• **Task inputs**:

****

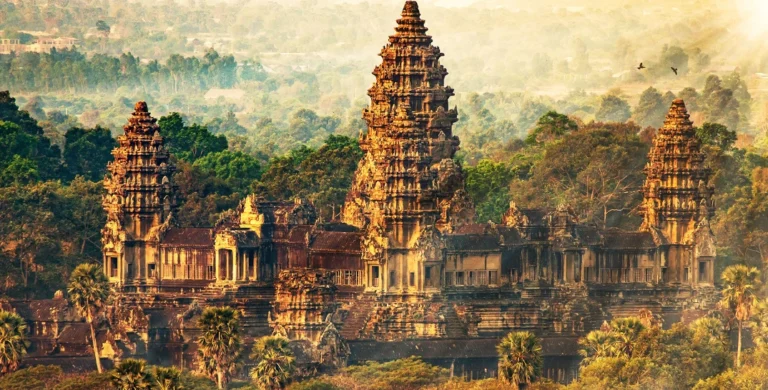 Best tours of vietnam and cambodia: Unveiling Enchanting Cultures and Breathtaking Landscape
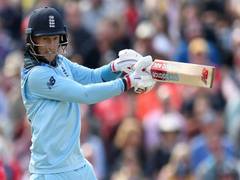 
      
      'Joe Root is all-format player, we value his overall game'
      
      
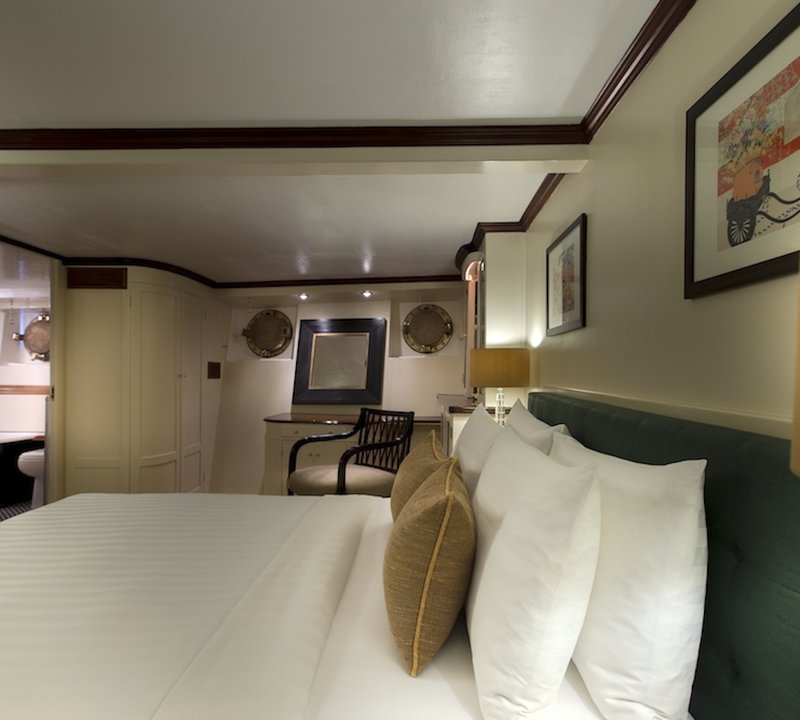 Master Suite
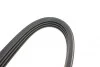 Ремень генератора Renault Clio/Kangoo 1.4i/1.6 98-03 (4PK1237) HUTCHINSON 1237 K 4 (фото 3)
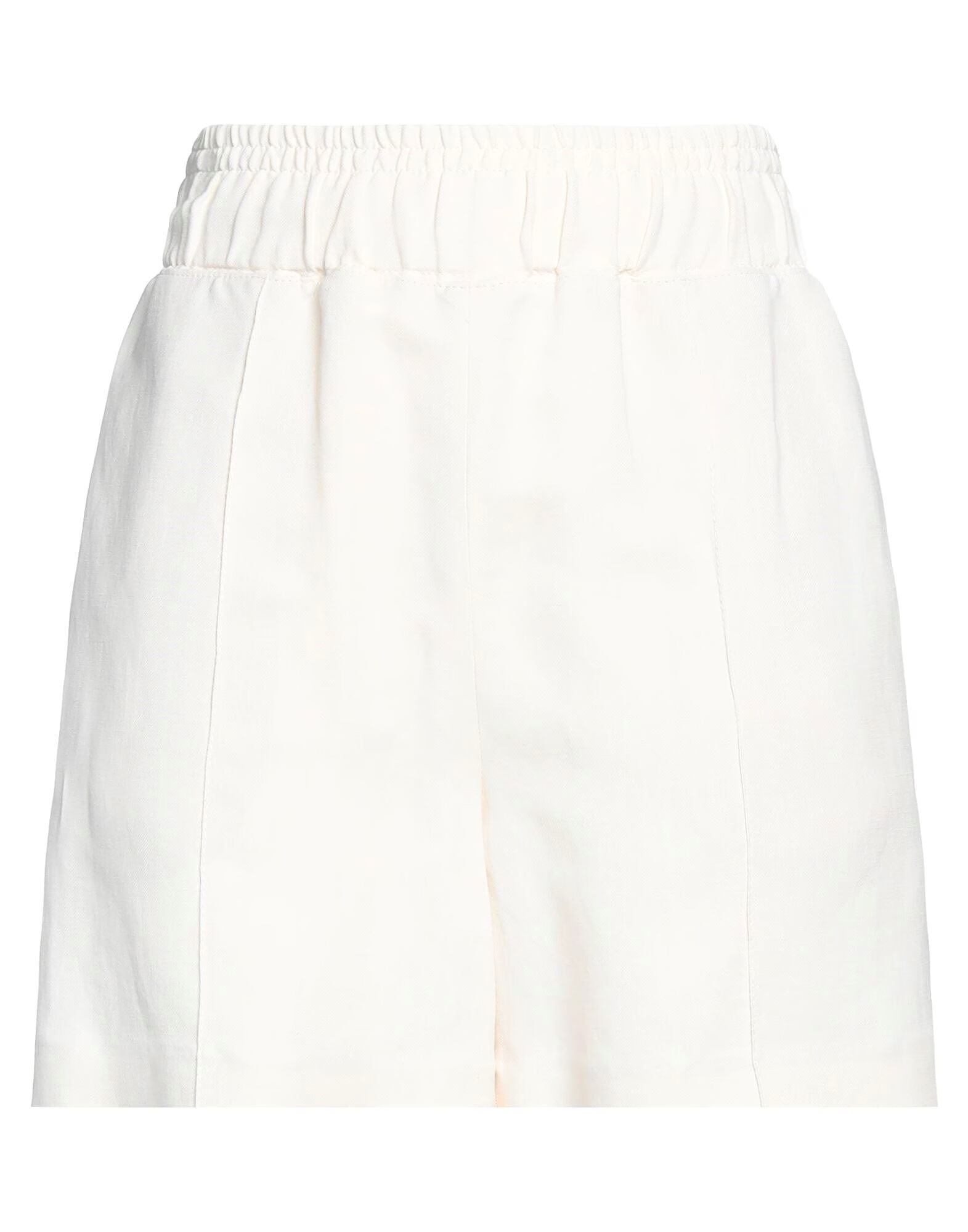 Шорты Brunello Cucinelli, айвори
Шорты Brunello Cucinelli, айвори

****

• **Your goal**:
The reply must contain every entry above, exactly as written, and none of the pictures.

• **Your response**:
 Best tours of vietnam and cambodia: Unveiling Enchanting Cultures and Breathtaking Landscape
      
      'Joe Root is all-format player, we value his overall game'
      
      
 Master Suite
 Ремень генератора Renault Clio/Kangoo 1.4i/1.6 98-03 (4PK1237) HUTCHINSON 1237 K 4 (фото 3)
 Шорты Brunello Cucinelli, айвори
Шорты Brunello Cucinelli, айвори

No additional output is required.